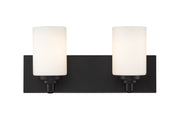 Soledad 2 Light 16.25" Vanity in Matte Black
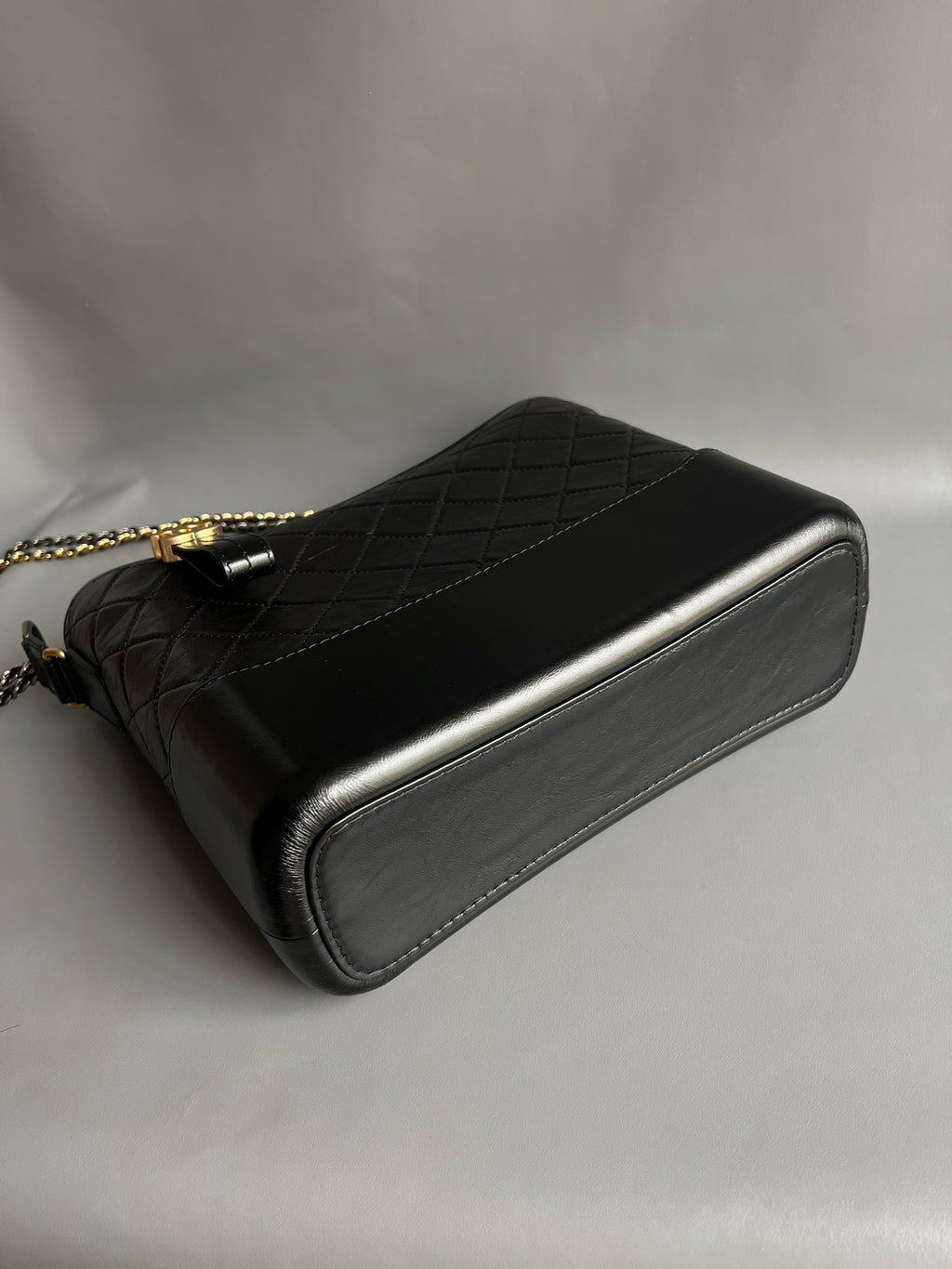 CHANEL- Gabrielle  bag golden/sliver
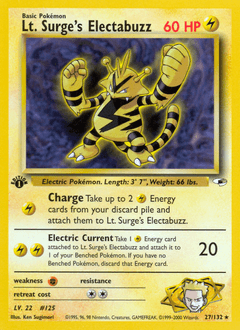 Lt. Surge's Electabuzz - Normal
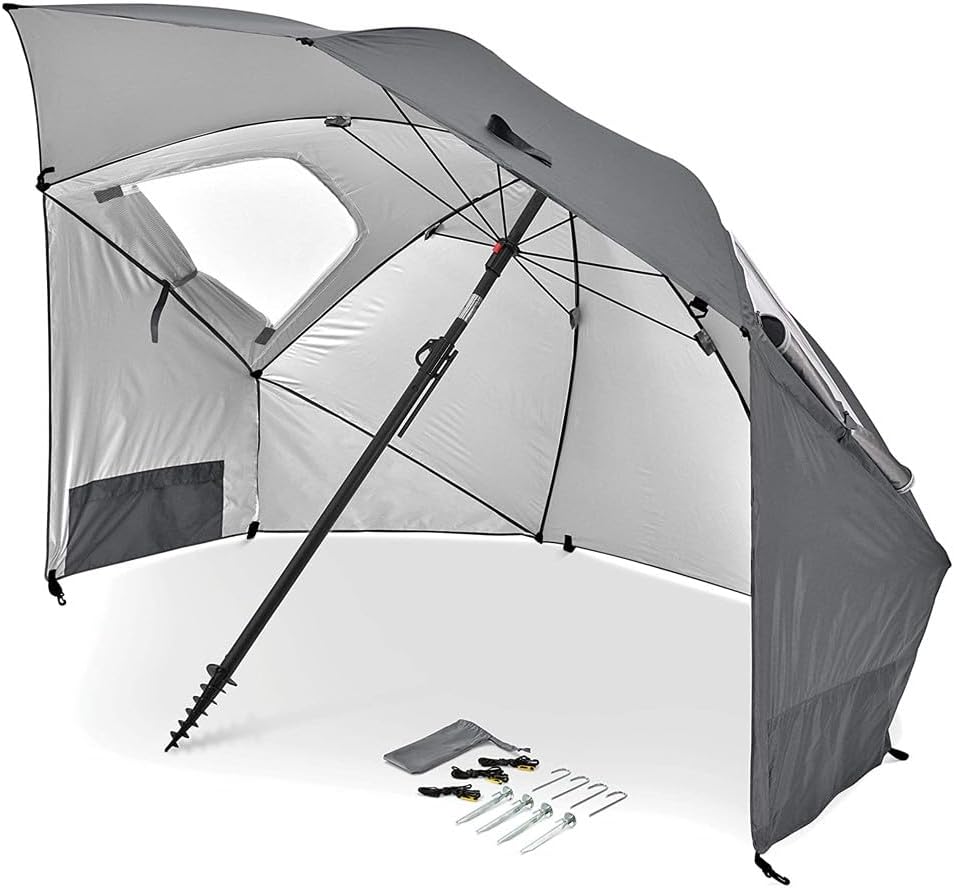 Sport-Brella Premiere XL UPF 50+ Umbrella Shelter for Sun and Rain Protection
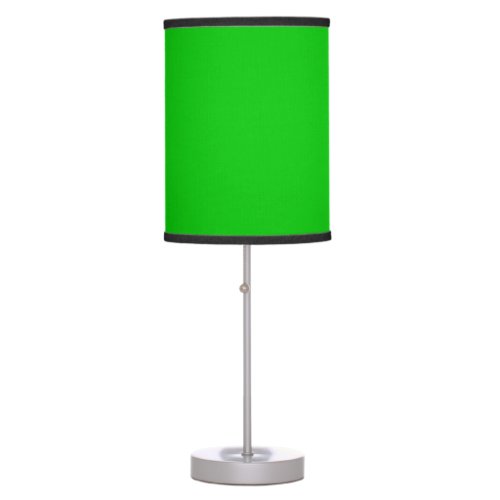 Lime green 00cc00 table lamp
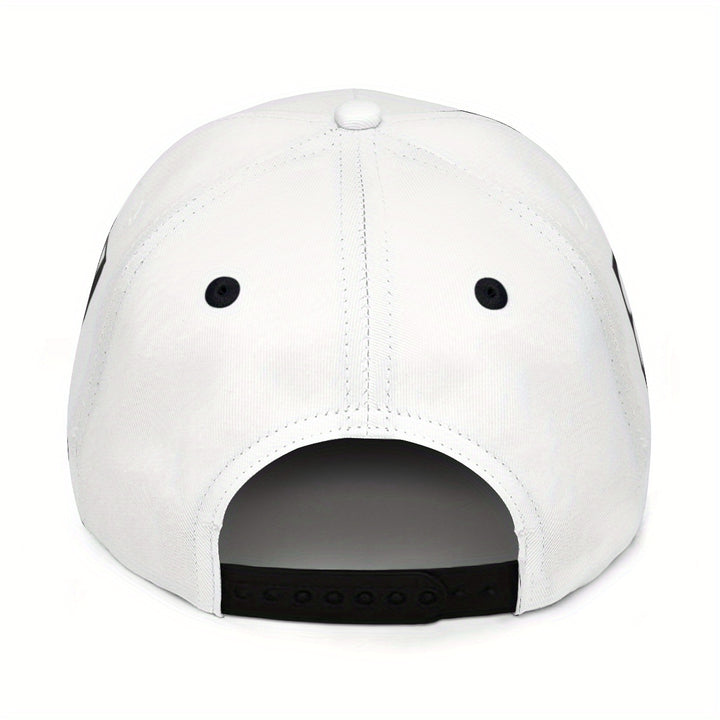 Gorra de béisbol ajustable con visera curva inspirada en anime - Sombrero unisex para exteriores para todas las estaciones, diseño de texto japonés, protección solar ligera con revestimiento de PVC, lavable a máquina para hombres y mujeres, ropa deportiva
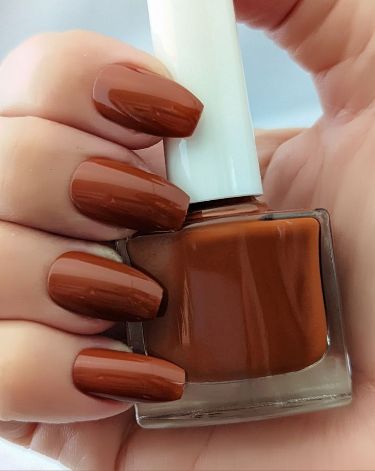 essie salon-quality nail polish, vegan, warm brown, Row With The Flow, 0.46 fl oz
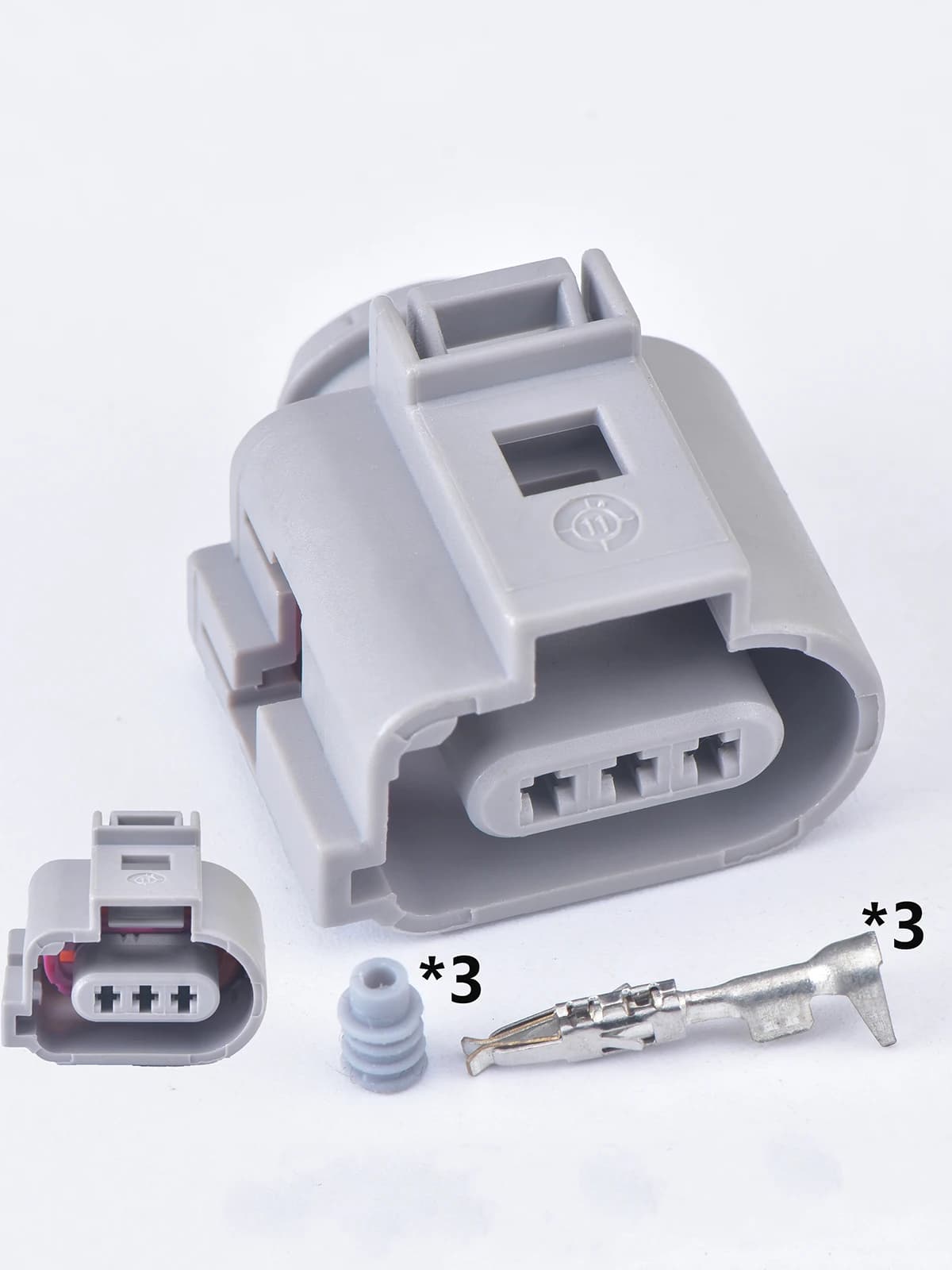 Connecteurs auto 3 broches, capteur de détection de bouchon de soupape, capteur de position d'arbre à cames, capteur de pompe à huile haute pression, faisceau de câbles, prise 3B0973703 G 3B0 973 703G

...

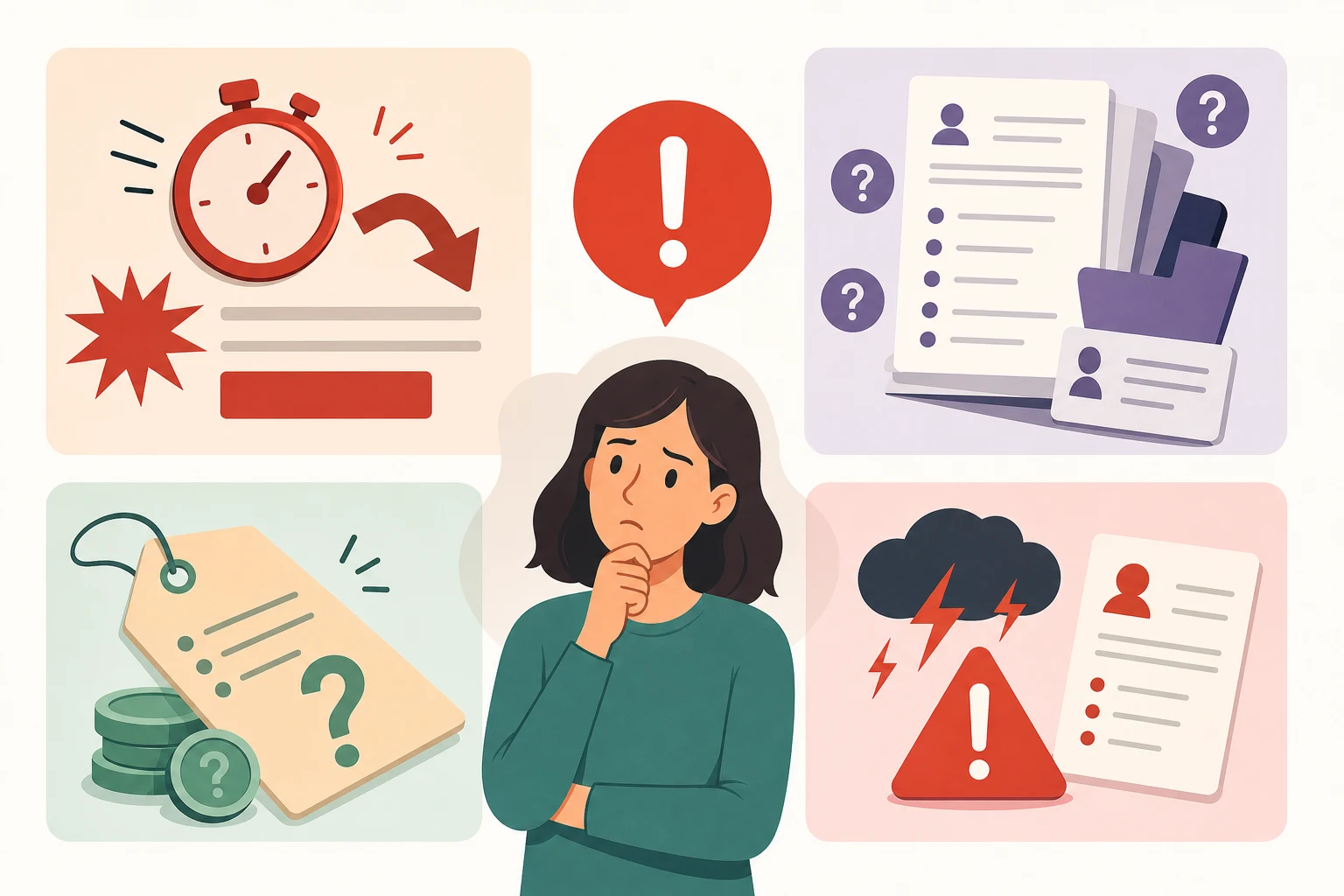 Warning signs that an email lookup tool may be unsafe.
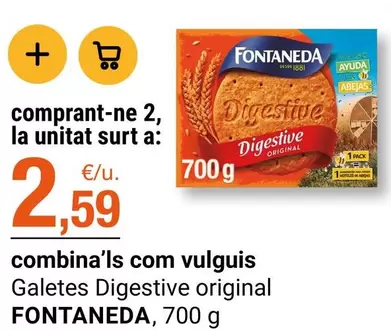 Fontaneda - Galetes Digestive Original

# Your instructions
In the records above, find the line with "Soledad 2 Light" and the line with "Gorra de béisbol". Write out exactly those lines and every one between, with no pictures and no other lines.

# Solution for this task
 Soledad 2 Light 16.25" Vanity in Matte Black
 CHANEL- Gabrielle  bag golden/sliver
 Lt. Surge's Electabuzz - Normal
 Sport-Brella Premiere XL UPF 50+ Umbrella Shelter for Sun and Rain Protection
 Lime green 00cc00 table lamp
 Gorra de béisbol ajustable con visera curva inspirada en anime - Sombrero unisex para exteriores para todas las estaciones, diseño de texto japonés, protección solar ligera con revestimiento de PVC, lavable a máquina para hombres y mujeres, ropa deportiva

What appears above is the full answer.